Once we settled on a model to bring back to Abbie, we made sure to bring the caveats with it. We knew it could be created, but relied upon, no. Making sure to include all conclusions with the model she was able to add our model predictions as data points for her decision making process. As anyone should do, take our predictions as suggestions, more than anything else.
Going into the experience, I was a little nervous in general, maybe call it stage fright. It’s very exciting to work with a real problem. From the start I have always been obsessed with impact, can my work make a difference in whatever I’m doing. I was extremely excited to make a positive mark on this already incredible company and mission.
As Data Scientists we have a responsibility to abide but not only being an expert in the first half of our name, but the second half as well.
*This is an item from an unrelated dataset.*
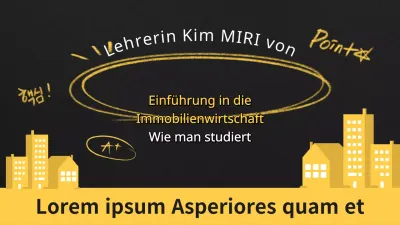 Gelb und schwarz hervorgehobener Umschlag des Kurses Einführung in die Immobilienwirtschaft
Science is a process, a process that makes suggestions, not predictions. When we find that the Null Hypothesis can be rejected, our next step is to suggest an alternative. We hope to support the suggestion with certainty and significance, examples and models. But when push comes to shove, being a Data Scientist is much more than making a model and shipping the best result for the stakeholder. It is respecting the process and understanding everything involved outside of what goes on within a notebook.
Wanted to give a huge Thank you to Abbie at Bridges to Prosperity for entrusting me and my team to work on her projects, listen to our results, and answer our questions. I am very thankful for the experience and the hard work of all my teammates, Web and Data Science. It had been a fun and eventful 4 weeks!